While A.I. speeds along, upending any number of careers and lives, some in the art world have chosen to embrace it while also, in a sense, subverting it. These artists — for instance, Ian Cheng, Lawrence Lek or Holly Herndon and Mat Dryhurst, many of them Asian, integrate A.I., gaming and other tech-heavy aesthetics into their work.
More important, A.I. is becoming something of a contested medium, like photography was in the 19th- century, when painters were supposed to draw from life, and to be caught using photographs as reference material could damage an artist’s reputation. A.I. is the new technological bugaboo.

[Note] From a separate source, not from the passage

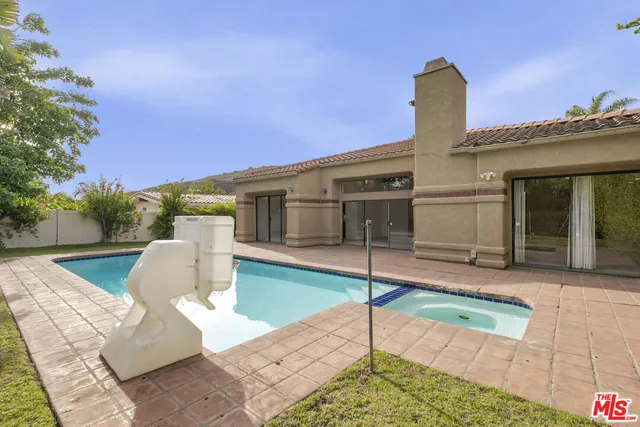 $13,000 | 3516 Malibu Country Drive, Malibu, CA 90265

Lu Yang is a Shanghai-born artist, who lives in Tokyo. I first saw his work (the artist is gender-neutral and uses he/him pronouns) on the internet, where there are 80 videos by him on Vimeo. Popular ones include “Uterus Man” (2013), which uses Japanese manga and anime, as well as gaming technology and electronic music, to create an androgynous superhero, and “LuYang Delusional Mandala” (2015), which delves into neuroscience and the Buddhist concept of the afterlife.
Five years ago, in an exhibition devoted to Chinese film and video in Berlin, Lu Yang, who is now 41, was showcased alongside older artists like Cao Fei and Zhang Pelli. Next to their meditative, contemplative video works — Pelli is often referred to as China’s first video artist — Lu Yang’s registered like a frenzied shock to the nervous system.